A Boxer vs. A Muscleman in 2010?

By Garry South

September 6, 2007

Capitol Weekly

Will the Terminator-turned-the-Governator turn into the Sen-â-tor? Although I can’t predict the ultimate outcome, I suspect the former muscleman will indeed take on U.S. Sen. Barbara Boxer in 2010.

The standard line among Republican insiders is that Gov. Arnold Schwarzenegger, accustomed to being on center stage as a bodybuilder, movie star and governor, would never settle for being “one of 100.” But that analysis underestimates the allure of the United States Senate as the “world’s most exclusive club,” and as a platform for extending Arnold’s burgeoning reputation as a globetrotting political leader.

This would not be Mr. Smith goes to Washington; it would be Mr. Olympia goes to Washington. A Sen. Arnold Schwarzenegger from the biggest state in America would never be just one out of a hundred anything. He would not labor in national obscurity like, say, a Sen. Mike Crapo, R-Idaho, or the other senator from that state before his now-infamous bathroom break at the Minneapolis airport. He would still be Arnold Schwarzenegger, one of the world’s best-known personalities. And as a senator, he would be a bona-fide elected representative of the United States of America — the only way that will ever happen, since he can never run for president or vice president.

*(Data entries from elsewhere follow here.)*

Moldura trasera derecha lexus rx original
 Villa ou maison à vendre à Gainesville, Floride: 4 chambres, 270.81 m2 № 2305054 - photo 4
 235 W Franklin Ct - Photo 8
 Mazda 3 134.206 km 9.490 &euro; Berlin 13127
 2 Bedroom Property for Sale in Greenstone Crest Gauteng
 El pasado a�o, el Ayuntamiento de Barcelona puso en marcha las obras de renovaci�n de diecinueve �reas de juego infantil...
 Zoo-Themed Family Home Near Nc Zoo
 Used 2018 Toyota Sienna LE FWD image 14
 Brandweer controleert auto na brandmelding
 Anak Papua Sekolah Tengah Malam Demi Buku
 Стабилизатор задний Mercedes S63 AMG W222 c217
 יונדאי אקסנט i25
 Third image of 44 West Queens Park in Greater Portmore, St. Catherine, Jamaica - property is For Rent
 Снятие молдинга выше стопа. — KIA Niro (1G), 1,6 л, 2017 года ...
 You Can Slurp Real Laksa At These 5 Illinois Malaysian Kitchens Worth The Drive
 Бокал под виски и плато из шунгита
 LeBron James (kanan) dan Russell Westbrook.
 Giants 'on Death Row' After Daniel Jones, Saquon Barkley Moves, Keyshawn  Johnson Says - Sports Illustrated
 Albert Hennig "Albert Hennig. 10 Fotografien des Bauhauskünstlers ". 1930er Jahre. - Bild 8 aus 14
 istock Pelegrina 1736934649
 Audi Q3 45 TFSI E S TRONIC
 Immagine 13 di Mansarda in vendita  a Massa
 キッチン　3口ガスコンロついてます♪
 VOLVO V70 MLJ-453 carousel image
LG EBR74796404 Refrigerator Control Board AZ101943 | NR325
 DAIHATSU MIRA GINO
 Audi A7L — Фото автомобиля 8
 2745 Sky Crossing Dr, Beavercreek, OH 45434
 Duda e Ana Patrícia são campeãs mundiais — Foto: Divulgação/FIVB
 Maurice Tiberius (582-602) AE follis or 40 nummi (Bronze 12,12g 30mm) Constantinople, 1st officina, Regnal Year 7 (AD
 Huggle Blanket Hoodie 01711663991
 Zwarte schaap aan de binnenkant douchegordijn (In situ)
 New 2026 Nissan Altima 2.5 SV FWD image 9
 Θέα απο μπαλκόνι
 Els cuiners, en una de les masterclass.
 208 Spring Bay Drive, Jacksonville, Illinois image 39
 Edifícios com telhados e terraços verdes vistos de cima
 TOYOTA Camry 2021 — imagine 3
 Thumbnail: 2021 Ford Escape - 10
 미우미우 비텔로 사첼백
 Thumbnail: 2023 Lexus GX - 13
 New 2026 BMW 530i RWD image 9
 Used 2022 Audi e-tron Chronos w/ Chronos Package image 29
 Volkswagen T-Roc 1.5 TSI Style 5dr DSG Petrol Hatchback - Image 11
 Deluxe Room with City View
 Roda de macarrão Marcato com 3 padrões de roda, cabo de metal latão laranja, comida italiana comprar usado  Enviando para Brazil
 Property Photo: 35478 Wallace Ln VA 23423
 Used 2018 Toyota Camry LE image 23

In addition, there is a close historical parallel. Dianne Feinstein never made any bones about the fact she wanted to be governor in the worst possible way, and was the Democratic nominee for that office in 1990. In 1998, rumors were rife that she was thinking about going again. President Bill Clinton even personally called the senator in January of that year, urging her to run due to his view that the other potential candidates at the time — Lt. Gov. Gray Davis and corporate takeover artist Al Checchi — couldn’t win. But ultimately she demurred, having decided she rather enjoyed being the Distinguished Senior Senator from the Great State of California.

Although the diminutive Boxer is an energetic and aggressive campaigner, and has one of the best direct-mail fundraising operations of any California politician, she is relatively untested as a stand-alone candidate against a proven vote-getter. In 1992, her first run for the Senate, she benefited from Clinton’s huge win at the top of the ticket in California. It was also the much-vaunted “Year of the Woman,” and running in tandem with the popular Feinstein, who remained well known from her close governor’s race two years earlier, helped Boxer immeasurably. Still, Boxer could well have lost if not for the last-minute revelation that her novice conservative opponent was a habitué of girlie joints, and if Feinstein had not campaigned actively with Boxer once her own race was in the bag.

In 1998, Boxer’s first re-election campaign, she was carried along in the slipstream of a huge Democratic victory in California. Gubernatorial nominee Gray Davis won a 20-point landslide, carrying into office with him every statewide Democratic nominee but two, both of whom were running against Republican incumbents in those respective offices. Boxer’s opponent, state Treasurer Matt Fong, looked competitive at first, but imploded after a number of amateurish missteps and unrelenting Boxer attacks.

In 2004, Boxer again enjoyed the good fortune of running in a presidential year in which the Democratic nominee, Sen. John Kerry, swept California by double digits. In addition, she drew as her GOP opponent the lackluster former secretary of state, Bill Jones, who had been wiped out in his own party primary for governor in 2002, running as the only Republican then in statewide office. Jones, in a first for a modern-day California senatorial candidate, never ran a single broadcast TV ad, and even pulled his own money out of the race in the last few weeks. Oh, yeah, and his Web site also was shut down by its Internet provider for massive illegal spamming.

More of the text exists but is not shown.